Spesso approfondisce questioni irrisolte. In Italia ce ne sono tante: crede sia un problema culturale?
«Forse lo è dal punto di vista della scarsa memoria che hanno i media nello stare su avvenimenti che non sono conclusi e necessitano ancora di essere indagati. Però appartengo alla schiera degli ottimisti, nel senso che – a mio avviso – la gran parte delle cose più terribili accadute in questo Paese le conosciamo perlomeno al 90%. Forse ci man­ca l’ultimo miglio della fotografia, come dico sempre, ma il resto lo conosciamo. Non possiamo dire di non sapere cosa è successo a Piazza Fon­ta­­na o a Ustica. Su chi ha poggiato materialmente la valigetta alla Banca Nazionale dell’Agricoltura o su chi ha abbattuto il Dc-9 possiamo discutere. Dobbiamo dire, dun­que, che in ogni caso le cose le conosciamo».

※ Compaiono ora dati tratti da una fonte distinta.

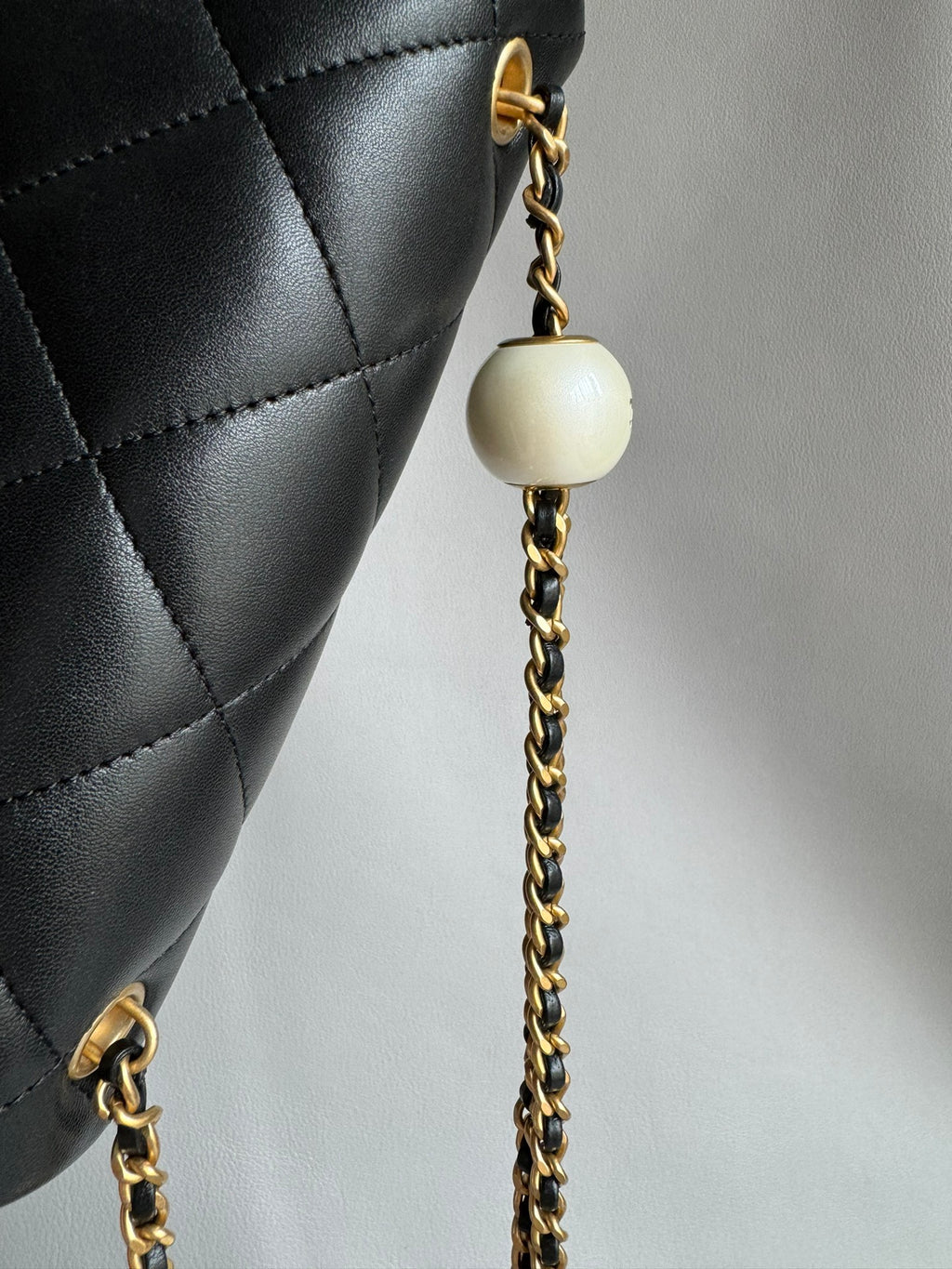 CHANEL-24K Pearl Flap bag golden/sliver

Ci sono storie che ha in programma di approfondire nelle prossime puntate?
«Procediamo tenendo conto di quelli che possono essere degli anniversari, poi però rivolgiamo un’attenzione enorme all’attualità, per cui possiamo anche cambiare idea a seconda di quello che succede. L’importante è avere un minimo di programmazione su dei fatti che, se non c’è un’attualità stringente, possono essere raccontati».

Cosa consiglia ai giovani che si avvicinano al giornalismo d’inchiesta?
«Il giornalismo d’inchiesta è fat­to di teoria e pratica. L’e­sperienza sul campo ti con­sente di capire quali sono i pas­saggi da seguire. Ge­ne­ral­mente è importante cercare sem­pre qualcosa che smentisca il percorso che stai fa­cen­do. Se non lo trovi, vuol dire che sei sulla strada giusta».

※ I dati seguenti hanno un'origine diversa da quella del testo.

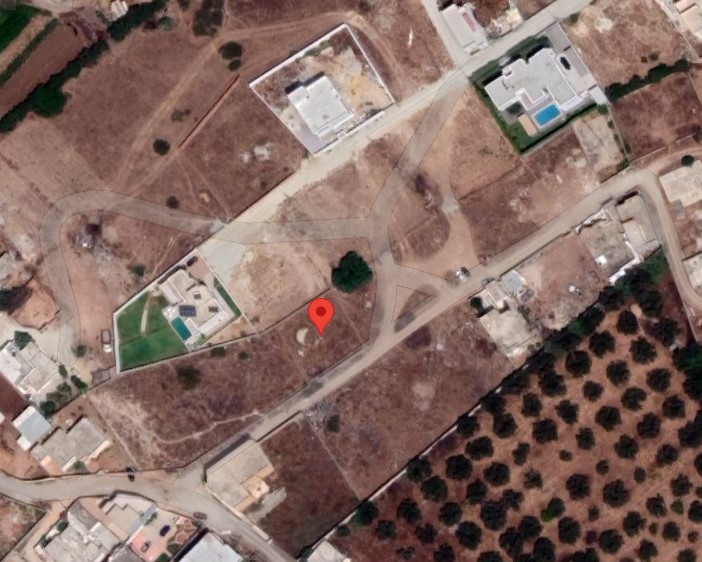 Terrain de 450m2 à borj touil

Qual è il suo parere sulla situazione politico-economica dell’Italia?
«Abbiamo un debito mostruoso: finché ce lo porteremo dietro, non rilanceremo il Paese. Indipendentemente da chi sia al Governo, non è una questione di partiti o leader. In questi decenni abbiamo sperperato una cifra colossale, che grava su ciascun cittadino e sulle nuove generazioni. Per­so­nalmente sono del parere che si debba provare a dividere questo debito. Chi può pagarlo dovrebbe farlo subito per dare ossigeno all’economia, alla sanità e alla cultura. Per me è un passaggio imprescindibile. Finché avremo questo debito continueremo a gestire il Paese con pochi soldi e poche prospettive di crescita e di miglioramento».

«Finché non si risolve questo problema il Paese avrà poche prospettive. Il giornalismo faccia il suo, raccontando senza sconti. La Granda? Può crescere ancora»

A Serralunga d’Alba parlerà di “Informazione al tempo della guerra”. Su cosa verterà la lezione?
«La guerra è un test fondamentale per l’informazione. Da una parte c’è la necessità della cronaca, quindi del racconto di ciò che sta accadendo; un racconto che però deve essere completo. Non possiamo ad esempio basarci su ciò che succede in Ucraina senza tenere conto della Russia o degli altri Paesi. Bisogna raccontare tutto, altrimenti si fa propaganda. L’informazione deve avere questo ruolo e consentire alla gente di capire meglio. Non è semplice, perché basta dire qualcosa che non piace e si viene subito accusati di essere filo-putiniani o filo-ucraini. Questa cosa a me non piace. Ho seguito per venti anni le guerre in Medio Oriente e ho cercato di raccontare tutto, senza fare sconti a nessuno. Questo è l’unico modo: non bisogna fare il tifo, ma essere lucidi e avere la serietà di raccontare anche le cose che non ci piacciono».

Quanto le fa piacere essere ospite del Laboratorio di Re­sistenza Permanente della Fon­dazione Mirafiore?
«Moltissimo. Bisogna costantemente fare delle riflessioni che aiutino a capire il sentimento delle persone e le ragioni dell’informazione. Non posso pensare a un giornalismo chiuso nella stanza. Deve spiegare il suo metodo di lavoro, le problematiche che affronta e confrontarsi con le persone».

Chiudiamo con una domanda personale. Qual è il suo rapporto con la provincia di Cuneo?
«Ho fatto il militare a Fos­sano, quindi conosco bene la Granda. È una zona con enormi risorse, che può essere ulteriormente valorizzata; pe­raltro, ha eccellenze straordinarie. In quelle zone ho in­contrato una grande attenzione per la conservazione dell’ambiente, dei luoghi in cui si vive. Credo sia un’area in cui si possono fare ancora progressi, mantenendo le eccellenze e creandone altre».